Another refi rationale is to decrease your monthly payment. Imagine your ARM began at 5% on a $300,000 loan, but market rates drop. Then, let’s assume you could refinance into a new 5/1 ARM at 4%.
“That 1% reduction lowers your monthly payment by approximately $250 – freeing up cash for other financial priorities,” Holman continues.

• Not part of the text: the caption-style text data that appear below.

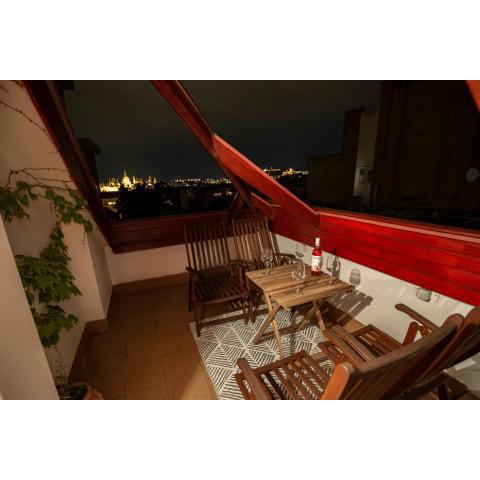 Spacious 2BR flat in the centre with the best view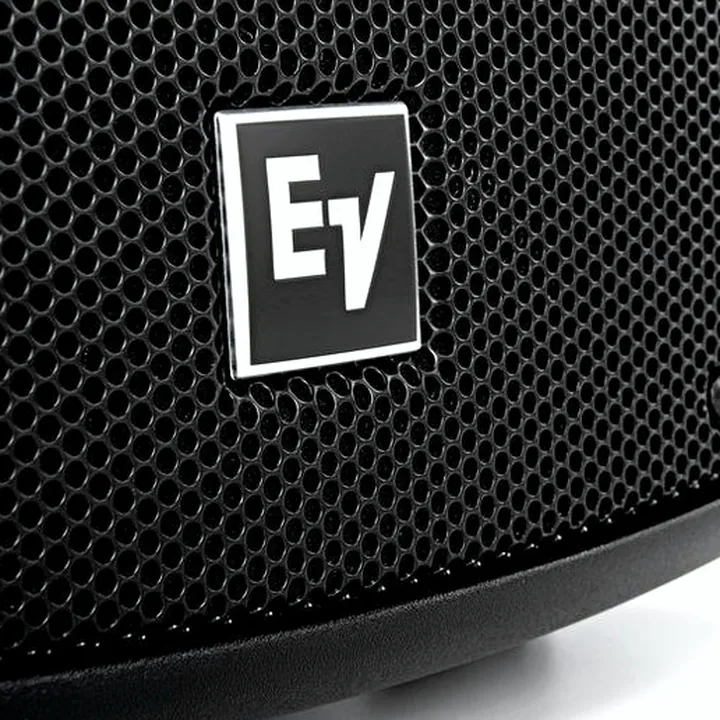 Avis, Test : EV Zx1-90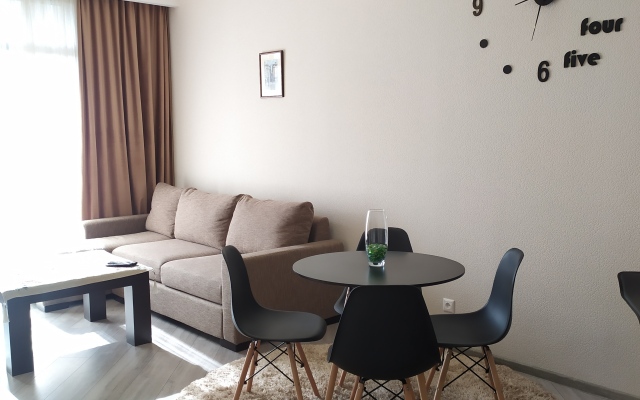 1BR Apt with pool &spa Alvina by Jazzy Apartments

How we source rates and rate trends
Rates based on market averages as of Mar 24, 2026.Product Rate APR 30-year Fixed Refinance 6.60% 6.63% 5/6 Arm (refinance) 6.18% 6.21% 3/6 Arm (refinance) 5.74% 5.74% 7/6 Arm (refinance) 6.28% 6.31%
Aside from locking in a lower interest rate and ditching concerns over ARM adjustments and fluctuating rates, there’s another motivator for leaving your current ARM.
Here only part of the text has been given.